If no power, there is an open between the HPCO and the WOT relay.
Email me and I can send you the wiring diagram of the AC system. Then all of that stuff I just wrote will make at least a little sense.
Since the system is charged and there is power to the LPCS, this should be an easy fix.
lsrx101, I can't seem to PM you but i have a wiring diagram and what you said makes sense. i'm going to test these connections tonight. keep in mind that my truck did not come from the factory with air so maybe i didnt get all the electrical parts i need. the only electrical parts i've swapped have been the control head and the wire harness that goes into the evaporator box.

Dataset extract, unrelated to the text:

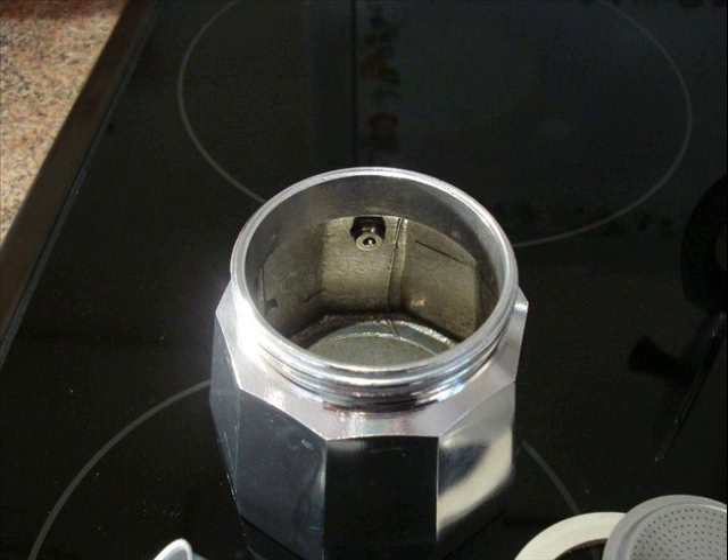You unscrew it and it comes into several parts: you've got the rubber ring and the top filter, you've got the basket, the coffee in the bottom, and then the water container.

What year was your donor truck?
The reason I'm asking is that much of the AC underhood wiring will have already been on your truck. 2 things come to mind:
-If the donor truck was r12 and your 95 was wired for r134a, you won't have an HPCO but the truck may have the connector. There's a break in the circuit. The HPCO is on the compressor manifold, if equipped. The connector is in the compressor harness near the back of the compressor..
- You could be missing the the WOT relay or the wiring is not in place for it.
I'll bet it's one of these 2 things since you have power to the LPCO and it's getting lost between there and the compressor.
lsrx101, i think you may have figured it out. the donor truck was a '94 (R12) and mine is a '95 (R134a) i didn't realize the electronics were different. What should i do?